Would you print exactly the lines that begin the listing and continue through the line holding "They're the content"? No pictures, please.

Data provided =

- Opening Delimiter -

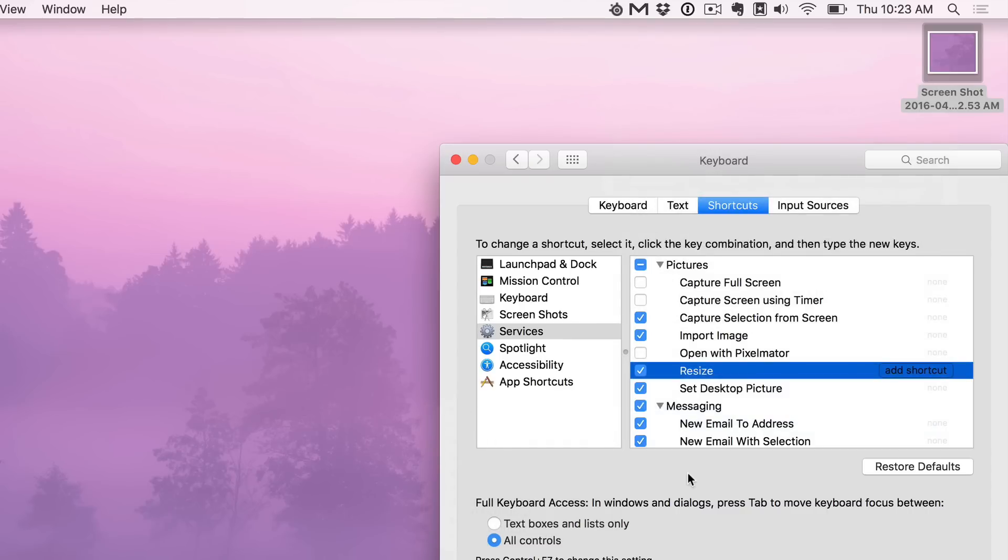So you can quickly enable or disable services using System Preferences Keyboard. Let me know what you think in the comments section. This is Jeff with 9to5Mac.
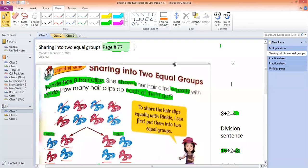First of all, I would like to welcome all of you in lesson number 3 for our grade 1 mathematics. We started yesterday a division with the topic of sharing into two equal groups. I am just going to revise quickly what we learned yesterday.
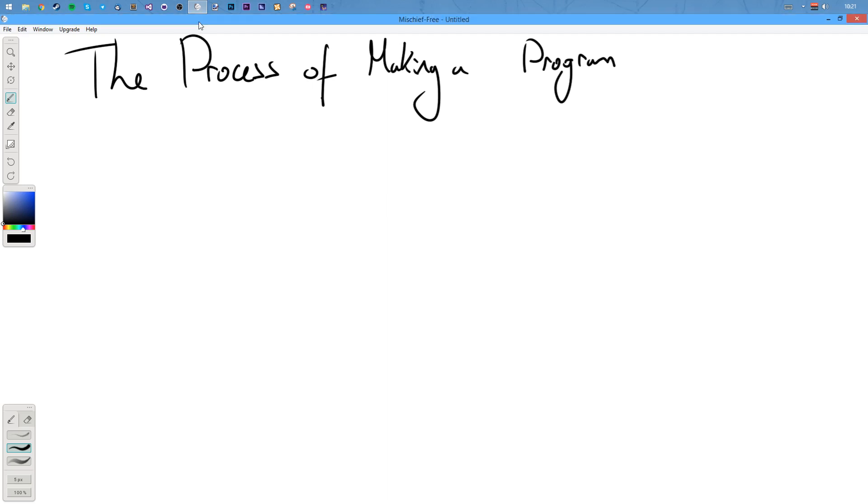Hello and welcome. I'm Bill and this is Intro to C. Today's video I'm going to be talking about the process of making a computer program.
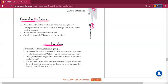The first question we have done: what do you think the mechanical hand was trying to do? A student gives the answer: the mechanical hand was trying to collect soil samples of Mars in order to understand if there was life on the planet.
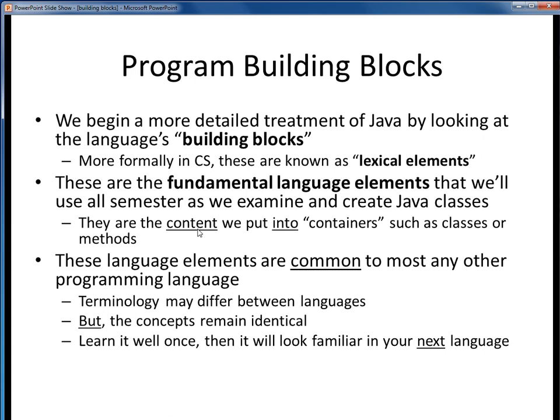They're the content we will put into containers, such as classes or methods, but more on that later. You'll find that these language elements are more or less universal across programming languages. What this means to you is, if you learn these concepts once in this class for Java, you should find it that much easier to learn your next programming language, or the one after that. The terminology or details may differ in that next language, but the concepts will all be the same.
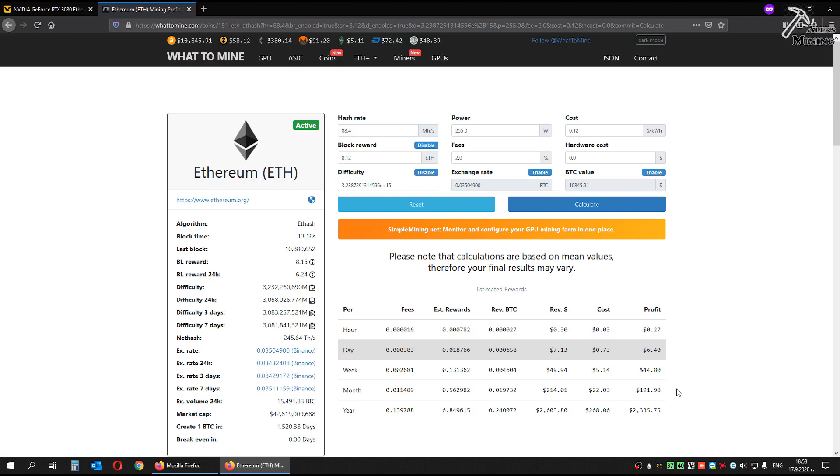What do you think about the new RTX 3080 GPU? Please write in the comments below. That's it for this video. If you want to see more mining videos, please subscribe to my channel. Thank you.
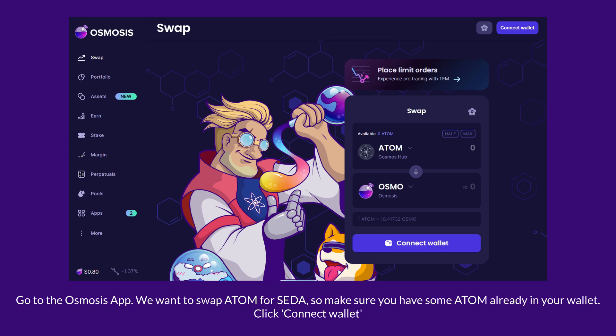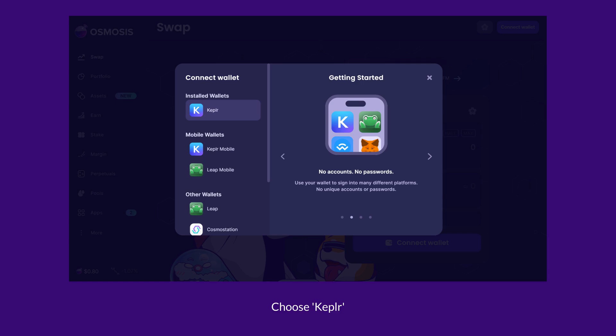Go to the Osmosis app. We want to swap Atom for SATA, so make sure you have some Atom already in your wallet. Click Connect Wallet and choose Kepler.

- Closing Delimiter -

Output =
So you can quickly enable or disable services using System Preferences Keyboard. Let me know what you think in the comments section. This is Jeff with 9to5Mac.
First of all, I would like to welcome all of you in lesson number 3 for our grade 1 mathematics. We started yesterday a division with the topic of sharing into two equal groups. I am just going to revise quickly what we learned yesterday.
Hello and welcome. I'm Bill and this is Intro to C. Today's video I'm going to be talking about the process of making a computer program.
The first question we have done: what do you think the mechanical hand was trying to do? A student gives the answer: the mechanical hand was trying to collect soil samples of Mars in order to understand if there was life on the planet.
They're the content we will put into containers, such as classes or methods, but more on that later. You'll find that these language elements are more or less universal across programming languages. What this means to you is, if you learn these concepts once in this class for Java, you should find it that much easier to learn your next programming language, or the one after that. The terminology or details may differ in that next language, but the concepts will all be the same.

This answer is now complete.